India is one nation that has been pushing a digital payments agenda. As part of the government’s cashless initiative – in light of last November’s demonetisation – there has been ‘notable growth’ in the bitcoin market in India, according to Arun Jaitley, India’s finance minister.
This is despite the fact that bitcoin doesn’t have a legal status in India; however, neither is it illegal, says Sharma. It is because of this grey area that the economist has reservations about bitcoin’s legal acceptance in the country.
“Unless the cryptocurrency is properly and comprehensively regulated and monitored by a robust institution, I don’t see bitcoin becoming a legal currency in India,” he added.
The question as to whether India will regulate bitcoin remains unanswered. This is currently an issue that is being debated within the country’s government. If it is regulated it may fall under the remit of country’s central bank, the Reserve Bank of India (RBI). However, it could be regulated by the Securities and Exchanges Board of India (SEBI).
Yet, while regulatory oversight has yet to be determined, reports suggest that bitcoin is ‘unlikely to be declared illegal in India.’
Furthermore, the government is even considering its own digital currency, which will function similarly to bitcoin.
Of course, while India appears to be supportive of cryptocurrencies, the longer it takes for authorities to establish a regulatory and legal framework for them, the greater the threat of risks, says Sharma.
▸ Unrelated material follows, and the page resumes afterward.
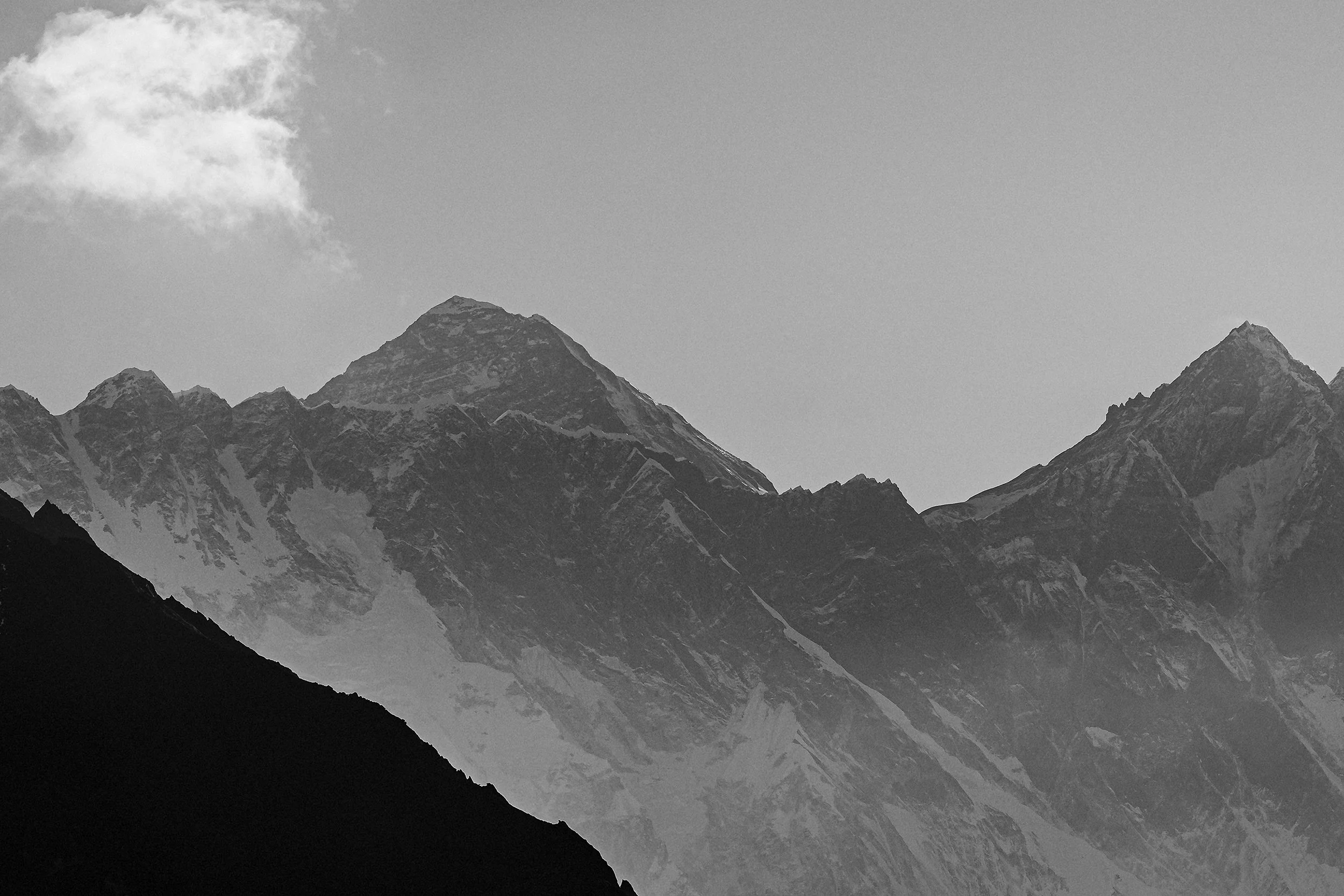 top-of-the-world-mount-everest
These include regulatory risks, scalability risks, the risk of hacking and extreme volatility.
“Bitcoin wallets are stored in computers or mobile devices; if those devices get stolen you may permanently lose access to your holdings,” he added. “Further, since it’s not regulated by authorities, you may not be able to report it either.”
He also believes that as demand for bitcoin grows in India, illicit schemes will continue to be set up while stating that investors should be aware of the risks.
“It is the most volatile asset in the global market and it is highly speculative,” Sharma said. “You need to be prepared to lose everything you invest. Also, while it looks promising now, don’t count on the price to keep rising forever.”